By the Bais Hora'ah
A group rented a two-hour slot at the local matzah bakery. We contacted Moshe, an expert at inserting and removing matzos from the oven, and for a fee he agreed to join us. He came an hour late, so we only used the second hour of our slot. The owner insists on payment for two hours.
Q: Are we obligated to pay for both hours? If so, is Moshe obligated to reimburse us for the loss he caused by his lateness?
A: This week we will focus on the question of whether you must pay the bakery for the two-hour slot when you only used one hour. There are several types of agreements you may have made with the owner.
1. The agreement may have been made orally and never confirmed with a kinyan. Not paying for the unused hour in such a circumstance does not constitute a material loss; it is a loss of rental income. Such a loss is categorized as grama (indirect loss), even if the owner had other groups that would have rented the factory during that time. The loss he suffers is potential income rather than out of pocket, and one who causes such a “loss” is not obligated to pay the “damaged” party (C.M. 363:6). (For nuances that are beyond the scope of our brief discussion, see Shaar Mishpat 312:2; Erech Shai 312:14; Nachalas Tzvi 292:7; and Mishpat Shalom 176:4).
2. You may have given the owner a deposit. Poskim debate whether a deposit is considered a kinyan that confirms the agreement, or is given simply as a nonrefundable deposit to secure the time slot (Pischei Teshuvah 207:13 and Minchas Pitim 190:10). The matter is subject to how people understand the intent of the deposit.
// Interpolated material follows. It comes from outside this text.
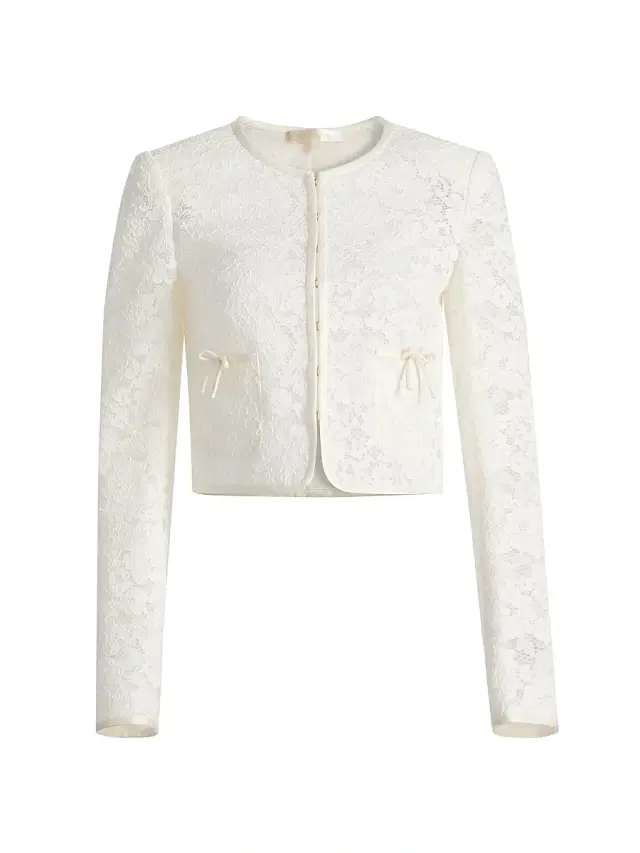 Women's Junetta Floral Lace Crop Jacket -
3. Even if the deposit constitutes a kinyan, the group may not be obligated to pay for the unused hour since it was caused by circumstances beyond their control — oness [whether this is oness is obviously debatable]. If one hired a worker for the day to water his field and at midday the river dries up, the employee is not paid for the second half of the day except when the employer knew that the river dries up and the employee was unaware of that fact (Bava Metzia 77a).
There is a disagreement whether the same guidelines apply when leasing real property. For example, if a tenant dies, are his heirs obligated to pay for the remainder of his lease? Some authorities see the landlord as a “worker” who suffers the loss when due to circumstances beyond anyone’s control he will not be able to complete the term of his employment. Others see the lease of land as a sale for the duration of the lease, and as such the terms of the sale must be completed even though circumstances changed and the lease is no longer necessary (C.M. 334:1).
In your case, if you did not pay up front, it is possible that you are not obligated to pay for the unused hour. If you paid up front, the owner is not obligated to refund the unused portion — due to the opinion that maintains that the lease of land is a sale and since paying up front indicates an understanding that you will not receive a refund even if circumstances dramatically change (see Shach, C.M. 334:2 and Erech Shai).